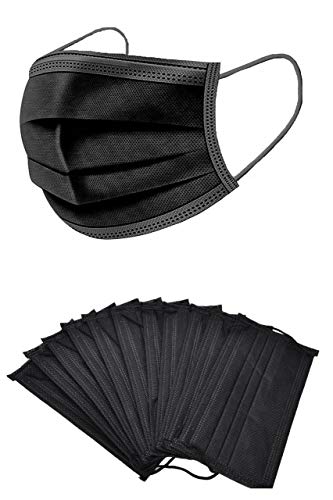 KAV® Lot de 100 masques jetables à 3 plis, haute filtration, convient aux peaux sensibles, perméable à l’air (Noir) Cover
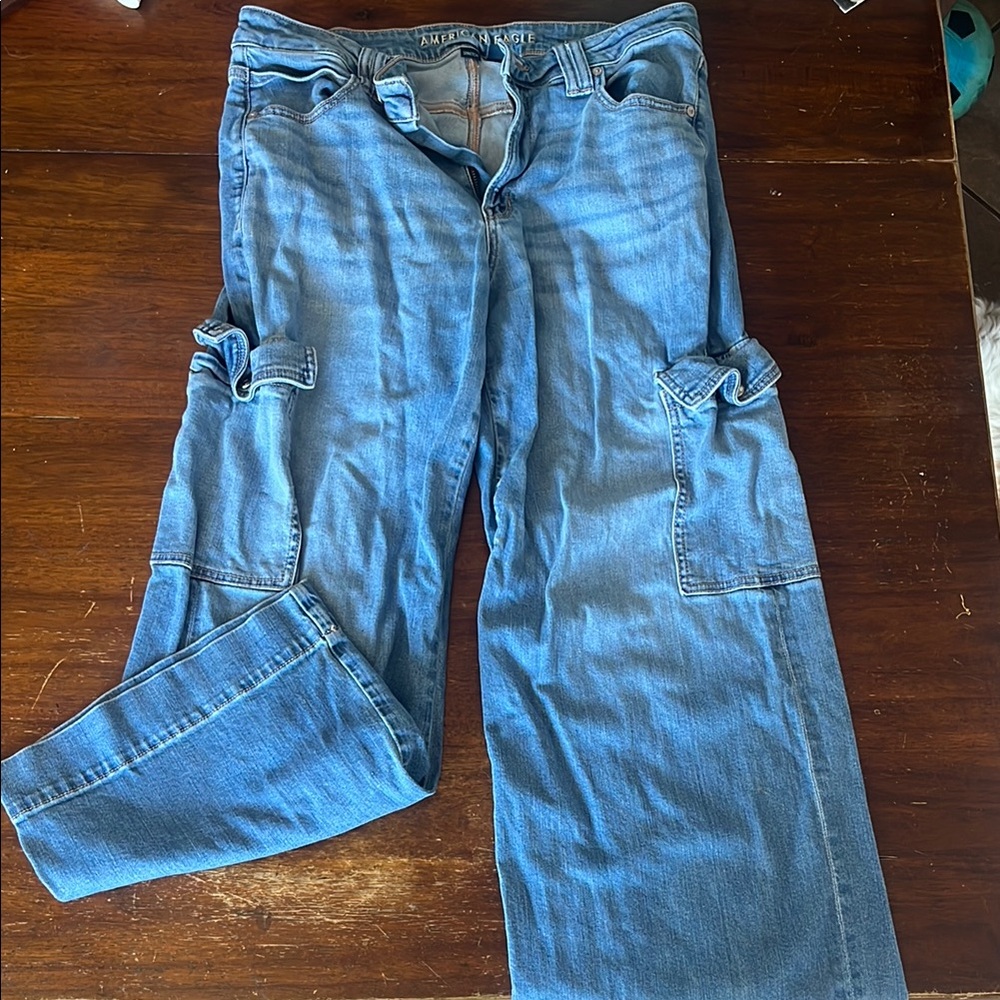 American Eagle Outfitters Blue Flare Wide Leg Jeans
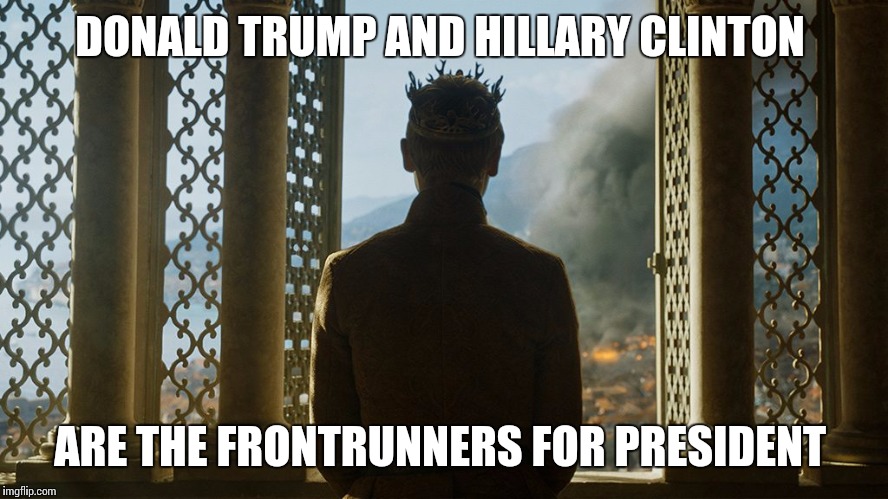 Worse than death | DONALD TRUMP AND HILLARY CLINTON; ARE THE FRONTRUNNERS FOR PRESIDENT | image tagged in politics,donald trump,hillary clinton,voting | made w/ Imgflip meme maker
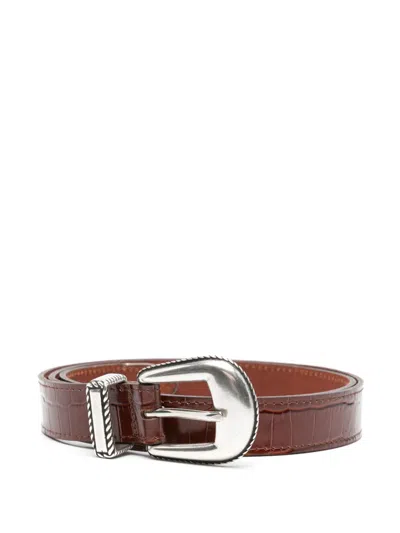 Drôle De Monsieur La Ceinture Croco Belt In Brown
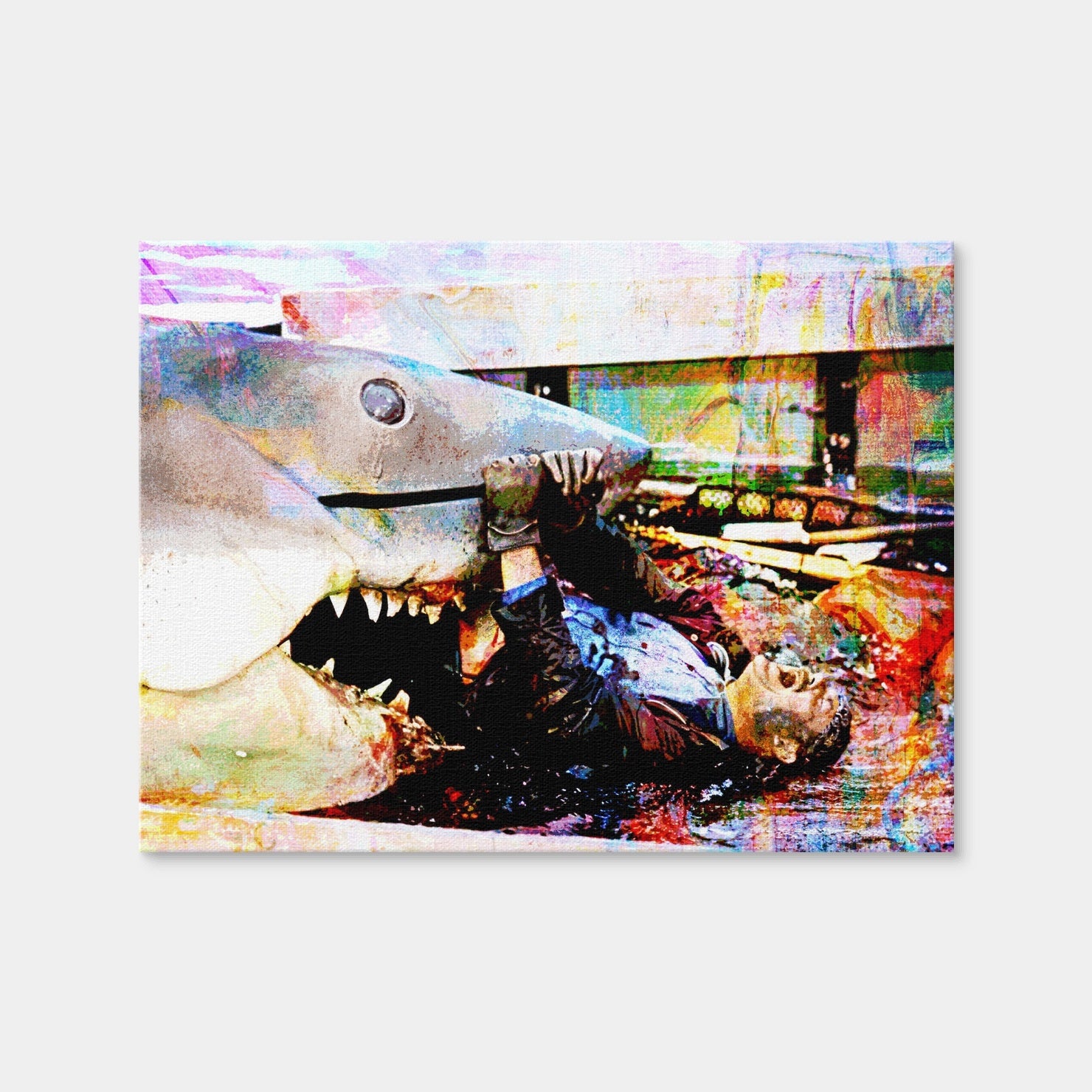 AUTO-MOCKUP WHITE | Jaws Quint's Death | 1 Piece | Gallery Wrap Canvas | group=4x3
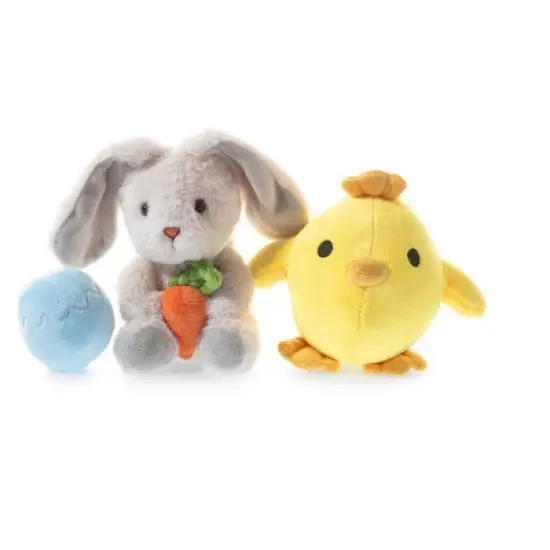 Easter Baby Plush Playset with Easter Basket, Bunny Holding Carrot, Easter Egg, and Squeaky Chicken, Sensory and Decorative Toys for Babies & Newborns image {9}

=====

**THE TASK**.
Starting with the line that contains "Worse than death", print every line through the end of the data exactly as written; omit all pictures and add nothing else.

**TASK OUTPUT**.
 Worse than death | DONALD TRUMP AND HILLARY CLINTON; ARE THE FRONTRUNNERS FOR PRESIDENT | image tagged in politics,donald trump,hillary clinton,voting | made w/ Imgflip meme maker
 Drôle De Monsieur La Ceinture Croco Belt In Brown
 AUTO-MOCKUP WHITE | Jaws Quint's Death | 1 Piece | Gallery Wrap Canvas | group=4x3
 Easter Baby Plush Playset with Easter Basket, Bunny Holding Carrot, Easter Egg, and Squeaky Chicken, Sensory and Decorative Toys for Babies & Newborns image {9}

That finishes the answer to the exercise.